Chartered tax accountant

Taxation accountants are concerned with interpreting and explaining taxation legislation to a wide variety of clients. Changes in the annual Budget and recent court decisions mean that tax law is constantly evolving. Chartered tax accountants must therefore keep abreast of legislative developments and continually review their technical knowledge in order to advise clients of efficient tax compliance, and in order to understand the implications of financial actions.

Work Activities

Typical activities include:

  • calculating, preparing and submitting accounts and tax returns;
  • undertaking accounts administration, including auditing financial information;
  • calculating and legally minimising tax liabilities;
  • advising about business plans, mergers, take-overs and investment opportunities;
  • liaising with HMRC.

Training contracts normally encourage graduates to specialise in a particular branch of tax, such as corporate, international, personal or indirect tax. Specialisation in tax issues as they apply to a particular industry is also common. It is equally possible to develop a niche area of expertise, or to operate in a wider range of specialist areas of tax.

The role is predominantly office based, and can involve much contact with clients and colleagues. Hours tend to be regular, although longer hours may be required at peak times and can be particularly demanding in the run up to 31 January, the annual deadline for filing tax returns.

Training contracts are available annually, with large organisations such as the HMRC and the 'Big Four', down to smaller private firms. Competition for these is strong, but early applications, relevant research and previous experience can help to secure a place.
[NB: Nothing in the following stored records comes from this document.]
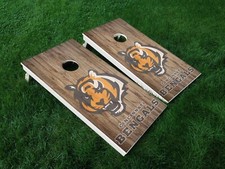 VINYL WRAPS Cornhole Board DECALS Bengals 01 Cincinnati Cincy Bag Game Stickers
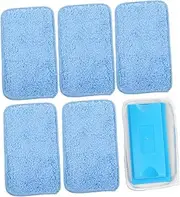 DOITOOL 1 Set Portable Whiteboard Eraser Fleece and Chalkboard Cleaner for Home Office Classroom Eraser Washable Refills Bright Colors for Enhanced Writing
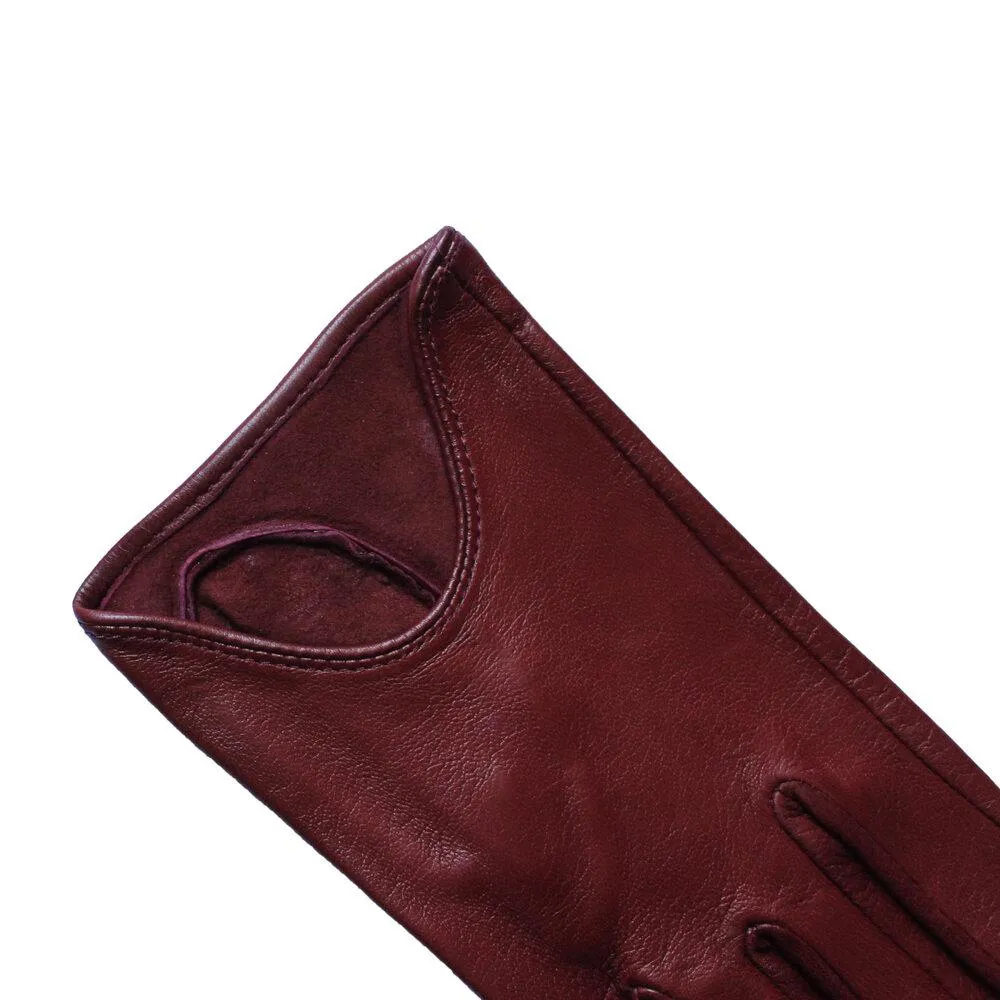 Stephanie - Women's Unlined Leather Gloves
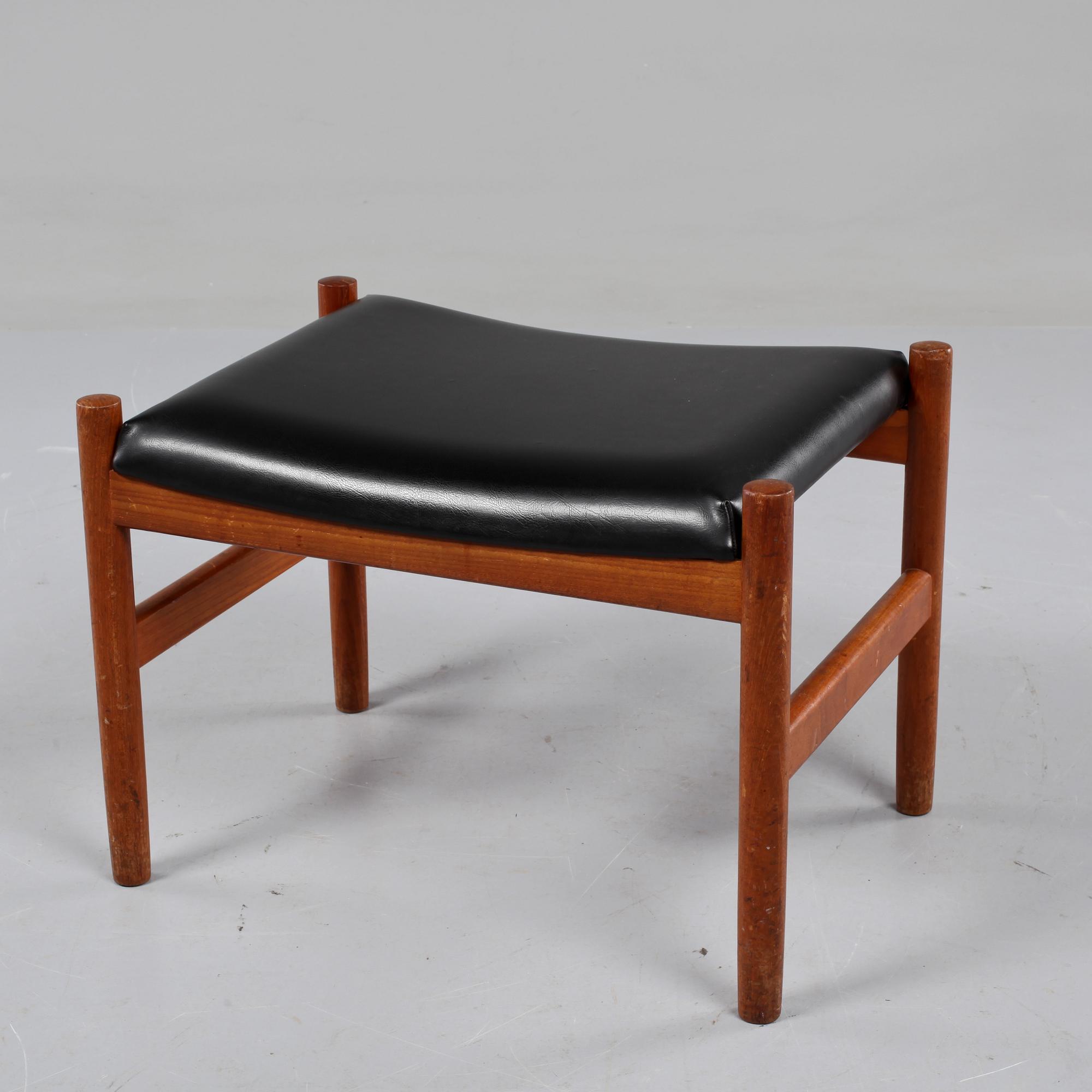 TABURETT, Spøttrup, Danmark, 1960-tal.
Vacancies are advertised by careers services, recruitment agencies and in national newspapers such as The Financial Times, and specialist publications such as TARGETjobs City & Finance, Accountancy, Accountancy Age, Taxation and Tax Practitioner. The professional institutes also regularly produce lists of vacancies.

Personal Qualities and Skills

Key skills for chartered tax accountants

While numerical and analytical skills are crucial, the role demands a high level of responsibility and reflection. The ability to communicate well is also vital. The following traits are highly valued:

  • The ability to interpret and clearly explain complex issues;
  • The ability to conduct and accurately interpret research;
  • Integrity;
  • Diplomacy;
  • Problem solving skills;
  • Self-confidence;
  • Interpersonal skills;
  • Excellent written, verbal and presentation skills;
  • Good memory;
  • Responsibility;
  • The ability to work in a team;
  • Adaptability.

Pay And Opportunities

Typical employers of chartered tax accountants

Tax has an effect on every member and area of society, and consequently it is possible to work within almost any sphere of personal interest. Self-employment is a very feasible option, while many organisations employ in-house tax specialists. Typical employers include:

  • Firms of accountants
  • Firms of solicitors
  • Boutique tax and accountancy firms
  • Clearing banks
  • Professional services firms
  • Private consultancies
  • Government organisations
  • Charities
  • Educational establishments
  • Commercial/industrial organisations.


Qualifications and training required

Graduates from any background can train as taxation accountants, although all applicants should have an excellent record of academic achievement. Typical requirements include five GCSEs (grades A-C, with maths and English being essential), 220 UCAS points at A level, and a strong honours degree (2.2 or above). Be aware, however, that employers may ask for a higher UCAS score and degree classification. Previous experience is unnecessary, although formal vacation courses, workshops and placements can give a useful insight into the profession and reflect well upon applicants' knowledge and motivation to enter the sector. Previous academic study and qualifications in accounting, financial and legal areas may earn exemptions from formal CTA qualification (see below).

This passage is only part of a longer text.